Qu'est-il arrivé à "pour le meilleur et pour le pire, jusqu'à ce que la mort nous sépare" ?
Doit-on se résoudre à n'offrir que "pour le meilleur et le plaisir, jusqu'à ce que je sois las de toi" ?
Est-ce un problème de confiance en l'autre ou de confiance en soi ? Est-ce la peur de sacrifier à l'autre plus que lui n'est prêt à sacrifier ? Est-ce la peur de promettre à l'autre et de le décevoir ?
Tout le monde est capable d'engagement. Tout pousse à nous faire croire que l'engagement est une prison, un renoncement, une illusion dangereuse. Mais force est de constater que nul ne parvient à s'épanouir vraiment sans s'engager. La peur du lendemain n'existe pas dans l'engagement sincère. En t'offrant mon engagement, je m'offre le tien, je me promets une main dans la mienne pour affronter les jours mauvais.
Cela nécessitera des efforts. Il me faudra me battre contre les tentations, les fatigues, les contrariétés. Il me faudra conserver un voile de tendresse devant mes yeux pour te regarder et adoucir tes imperfections. Il me faudra trouver le courage de servir un maître, l'amour, qui a le pouvoir de me blesser de la pire des façons.
L'engagement n'a rien d'un renoncement. Ce n'est pas donné aux lâches.
Ce qui m'a le plus profondément choqué, c'est que parmi les défenseurs du "on ne sait pas" se trouvaient des couples mariés.
Mais comment se lever le matin avec sur les épaules le poids de telles incertitudes ? Comme l'alliance doit peser lourd au doigt de celui dont les vœux n'étaient pas parfaitement sincères.
Le mariage est un combat pour certains. Il l'est en ce qu'il demande de sacrifices, d'obstination et d'énergie. Mais il est alors le plus paisible des champs de bataille, car on ne peut y perdre tant que l'on s'y est engagé avec sincérité. On ne peut y perdre dès lors qu'on a compris que l'autre est le compagnon d'armes, pas l'ennemi.
Vient un moment où l'autre n'est plus un choix. Il est notre famille. Au même titre que l'on ne choisit ni ses frères, ni ses sœurs, ni ses parents, on ne peut plus défaire le lien qui nous unit à l'être aimé. Il ne reste alors qu'un devoir : celui de soigner cette relation, de la maintenir et de la chérir.
Je ne peux nier que ma sœur est ma sœur, que ma mère est ma mère, que mon époux est mon époux.
Le statut que j'ai choisi de te donner, je ne peux te le reprendre.
Pourquoi alors tant de divorces ? Pourquoi tant d'engagements rompus ? Pourquoi la tromperie, le mensonge, la violence ?

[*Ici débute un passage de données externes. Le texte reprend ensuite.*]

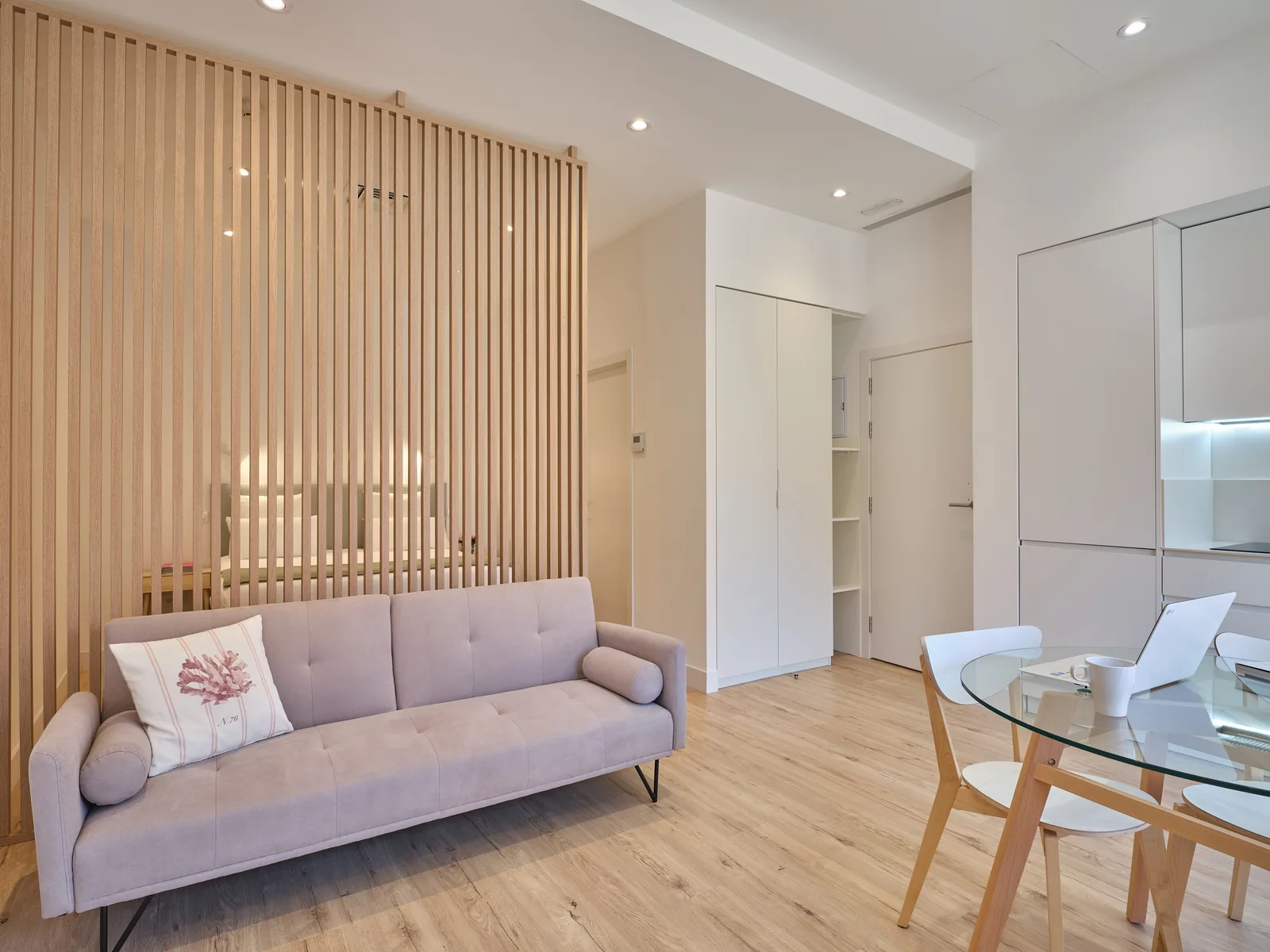 Matrimonial Suite — Living area with sofa and wooden divider, Paseo Suites Madrid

Les esprits malades n'ont à offrir que des engagements malades. Trop nombreuses en sont les victimes.
Si ton esprit est sain et que tu as la possibilité d'offrir un engagement réel, sincère et inaliénable, fais-le.
Si tu ressens le besoin d'avoir dans ta vie cette promesse d'une main dans la tienne pour affronter les jours mauvais, commence par tendre la tienne sans plus la retirer.
La majorité d'entre nous rêve du pouvoir de l'engagement. Mais trop nombreux sont ceux qui cachent ce désir profond par honte, par désir plus grand encore de conformité, par peur d'être rangé dans la catégorie des candides.
Accepte d'être perçu comme faible par les esprits faibles. C'est ta force.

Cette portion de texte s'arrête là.